ライオンの飼育は2パターンが理想だが…
百獣の王ライオンの飼育も、それなりの問題がある。近年では最大で24頭飼育していたが現在は14頭。そのうち群れで展示できるのは7頭。来年のリニューアルオープンの時には、もう少し頭数を増やしたいと飼育員や関係者は考えている。だが、ライオンの頭数を増やすのは容易でない現実がある。
「国内のライオンの血統は、ほとんど管理されていません。アムールトラと違い国際血統登録もありません」(佐々木飼育員)
14年に九州自然動物園から来園したスパークとジャンプも、九州では繁殖の実績があり、種オスとして期待されていた。だが、スパークの子供は虚弱で育たなかった。
「群れとは別に種オスを飼育し、避妊処置をしたオスを群れの中に置いて、群れを管理する。この2パターンが理想ですが」(大賀飼育員)
現在、多摩動物公園には種オスのライオンは不在である。

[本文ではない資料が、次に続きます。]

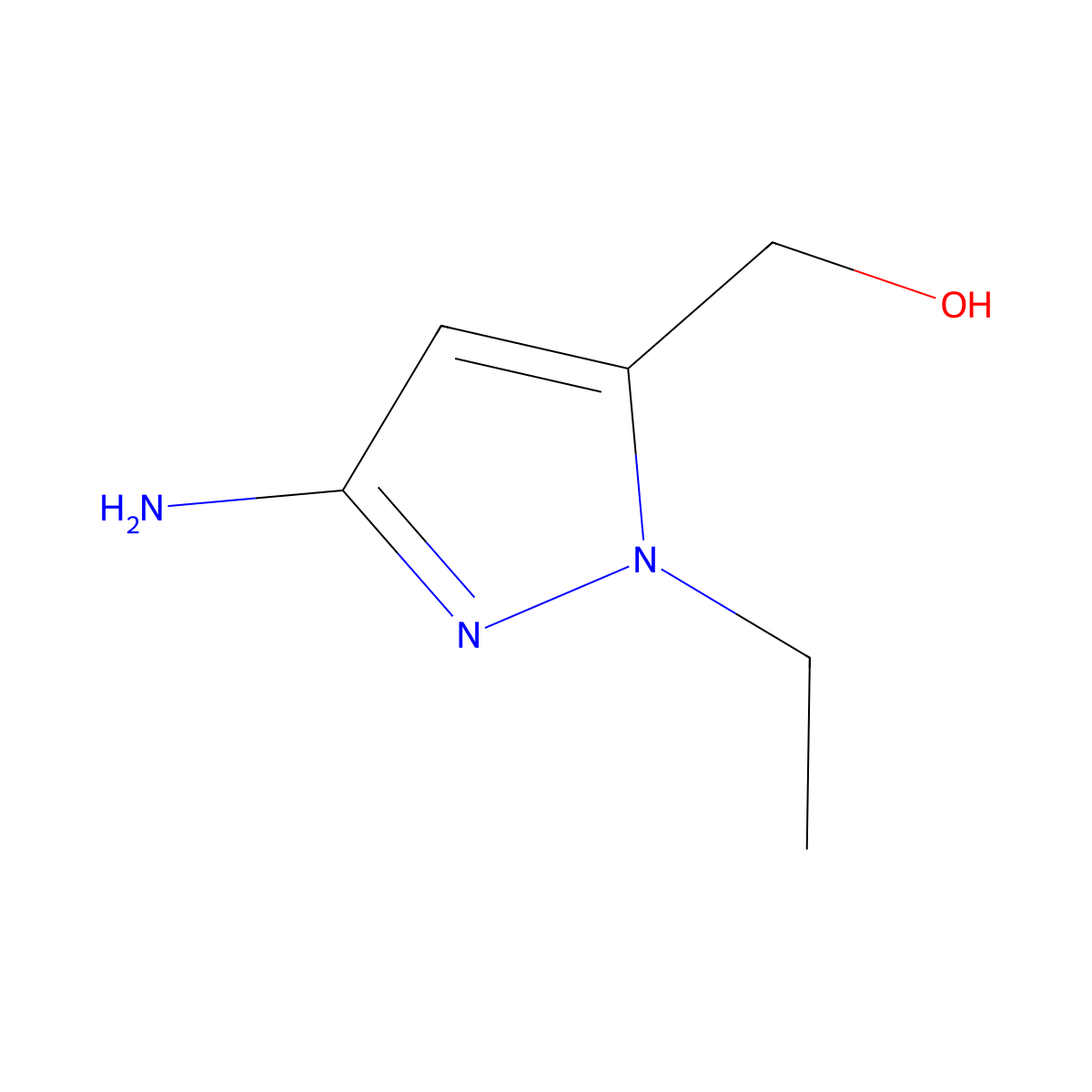(3-Amino-1-ethyl-1H-pyrazol-5-yl)methanol molecular structure, CAS 1328640-65-8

国際間取引が厳しい状況下だ。外国から新しい血統のライオンが、入園するという情報は今のところない。
「将来的に増やしていくには、どうしたらいいのか、飼育員やライオンの関係者で話し合っているところです。リニューアルオープンの時は、他の動物園からライオンを受け入れることも視野に入れています。できる限り調べて国の内外を問わず、今いるライオンのメスと、血縁関係が薄いオスの個体を入れたいです」(大賀飼育員)
ライオン舎のリニューアルオープンと、多摩動物公園の名物、ライオンバスの運行再開は来年である。